HUKUK


ANAYAPININ HARAP OLMASI

Bugün, İstanbul için olası bir depremin büyük bir afet olmaması için alınması gereken önlemler konusunda çok şey söyleniyor ama somut bir çalışma da görülmüyor. Depremden sonra ise yapılacak çok iş var. Hele bir deprem olsun, gerekli olan bütün çalışmalar yapılacaktır, bundan bir kuşku duymuyorum.

Yapılacak işler, sağlıktan mühendisliğe pek çok alanı ilgilendirecektir.

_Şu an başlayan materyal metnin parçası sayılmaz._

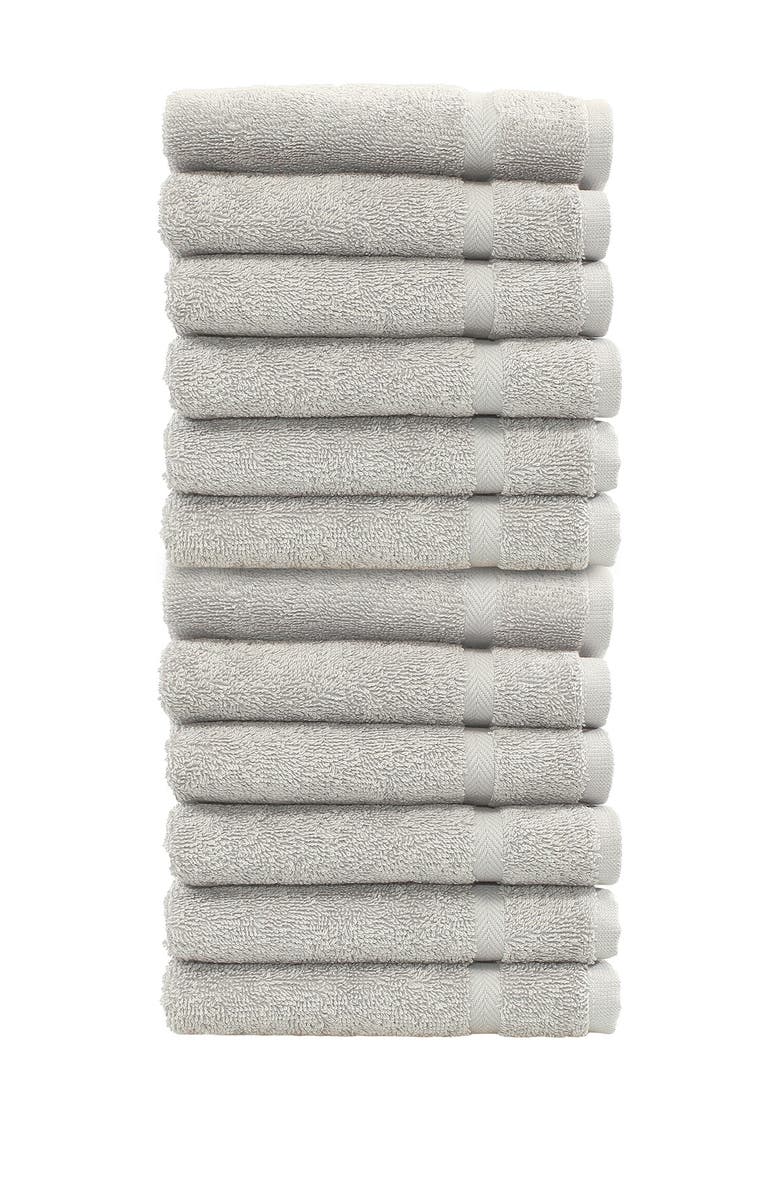 Linum Home Textiles Denzi Washcloths - Set of 12 - Grey, Main, color, Grey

Ben de hukukçu olduğum için hukuk alanını ilgilendiren konulardan birinden söz etmek istiyorum.

Geçen büyük depremde olduğu gibi depremin en azılı suçlusu olan (!) inşaat mühendislerine karşı deprem sonrasında açılacak ceza ve tazminat davaları ile ilgili olarak dava açacakların işine yarayacak pratik bilgileri İnşaat Mühendisleri Odasınca yayımlanan bu bültende yazmam pek doğru olmayacaktır.

Sadece inşaat mühendisleri aleyhine dava açılmasının nasıl önlenebileceğine ilişkin ise bu gün için söyleyecek sözüm yok.

O nedenle burada sadece, yıkılan binayı derhal tapu idaresine bildirmeyen yöneticinin başına geleceklere değineceğim.

634 Sayılı Kat Mülkiyeti yasasının altıncı bölümünde yer alan 47. maddede anayapının harabolması ve 48. maddede ise bildirme ödevi ve kaydın silinmesi konuları düzenlenmiştir.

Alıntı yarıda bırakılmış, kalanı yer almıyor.